Composite adapted from published large (n > 3) case series, including Beck and colleagues (n = 25);5 Georgin-Lavialle and colleagues (n = 116);7 Poulter and colleagues (n = 10);8 Tsuchida and colleagues (n = 10);9 van der Made and colleagues (n = 12);10 Obiorah and colleagues (n = 16);11 and Zakine and colleagues (n = 8).12

Unless indicated otherwise.

Denominator changes according to the number of studies that reported each variable.

Other reported features include uveitis, scleritis, gastrointestinal pain, diarrhea, aortitis, aneurysm, hepatosplenomegaly, opportunistic infections, myocarditis and lymphadenopathy.

Bone marrow vacuolation is also identified in effectively all patients with VEXAS syndrome.

VEXAS also results in characteristic hematologic manifestations.
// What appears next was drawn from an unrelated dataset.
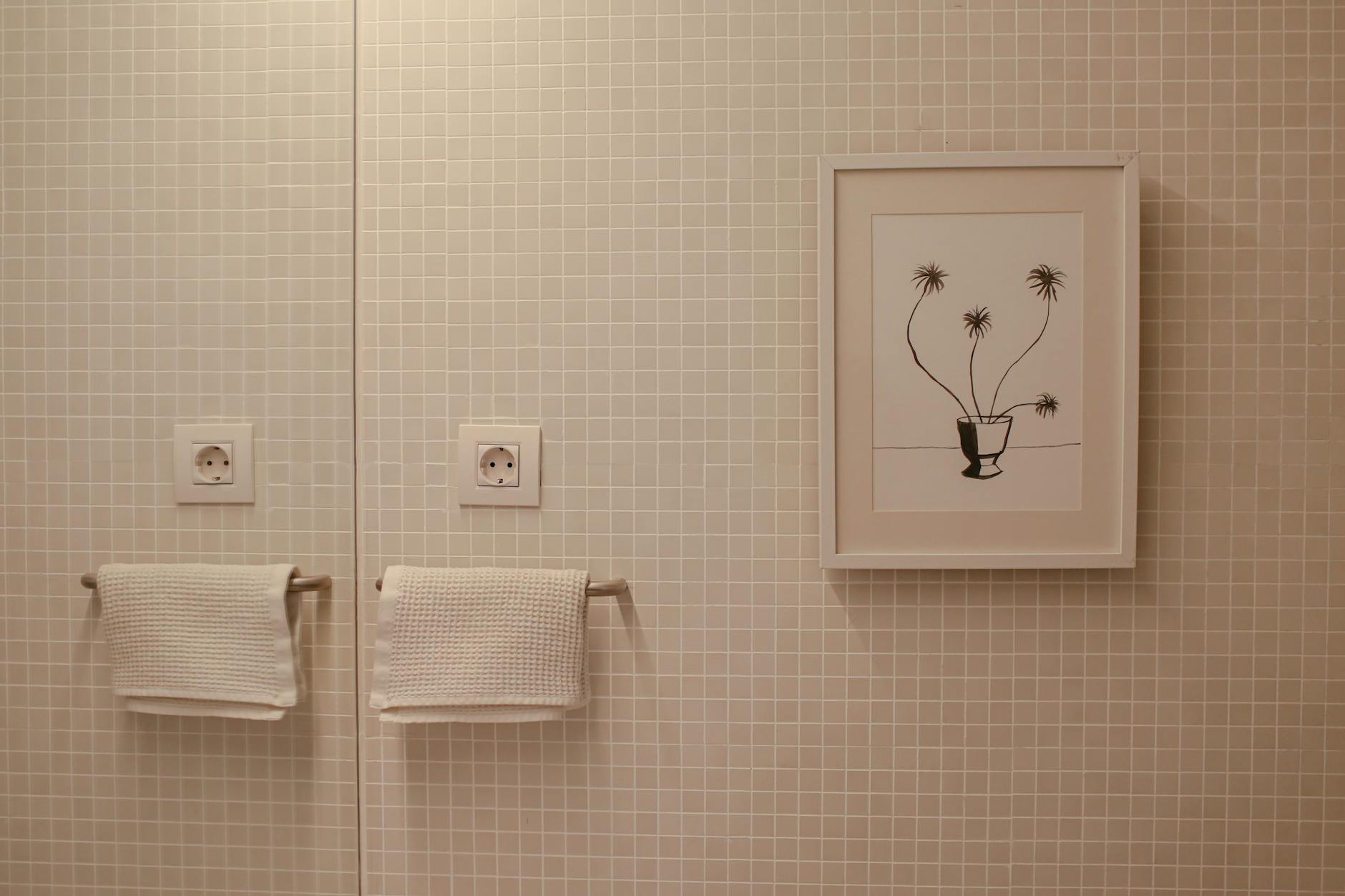 Elegant bathroom with framed art and textured towels on tiled wall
Almost all patients with this syndrome have macrocytic anemia, and many have a concomitant low-grade myelodys-plastic syndrome, monoclonal proteinemia or multiple myeloma. Patients with VEXAS syndrome have morphological features in their bone marrow that are highly specific to the diagnosis, notably vacuolation of myeloid and erythroid precursors. These features may not be described on pathology reports, and a pathologist should specifically look for these findings in patients suspected of having VEXAS.
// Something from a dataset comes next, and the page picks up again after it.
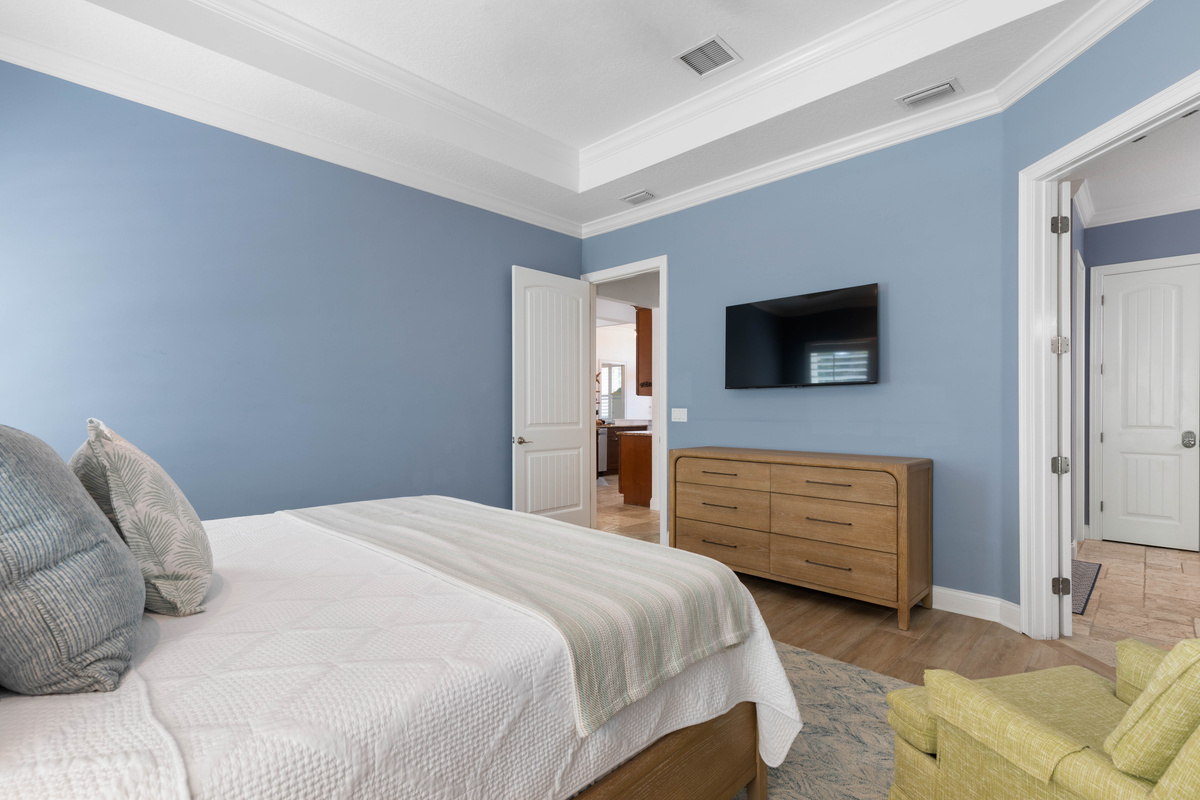 Close the door and the Primary Suite becomes a quiet retreat from the main living area, with a TV and armchair.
Given the recency of its discovery, the incidence and prevalence of VEXAS syndrome are unknown, although we expect it will be identified more frequently once knowledge of the diagnosis and the testing availability is more widespread.

How can a diagnosis of VEXAS syndrome be confirmed?

The diagnostic work-up for a patient with suspected VEXAS syndrome should include investigations of inflammatory markers (e.g., C-reactive protein, serum ferritin), a bone marrow biopsy, pulmonary imaging, pulmonary function tests and the necessary investigations to rule out alternative diagnoses. However, VEXAS syndrome can be confirmed only by the presence of a somatic UBA1 mutation, usually in peripheral blood. At present, access to testing for this mutation is variable, given how recently the diagnosis was described. The availability of testing should be discussed with local experts who have seen patients with VEXAS syndrome or who can help arrange sequencing of the UBA1 gene. Contacting local hematologists or rheumatologists with an interest in auto-inflammatory syndromes or myelodysplastic syndrome is advised. In the future, a coordinated Canadian network of providers with expertise in VEXAS syndrome and related disorders may be useful.

How are patients with VEXAS syndrome treated and by whom?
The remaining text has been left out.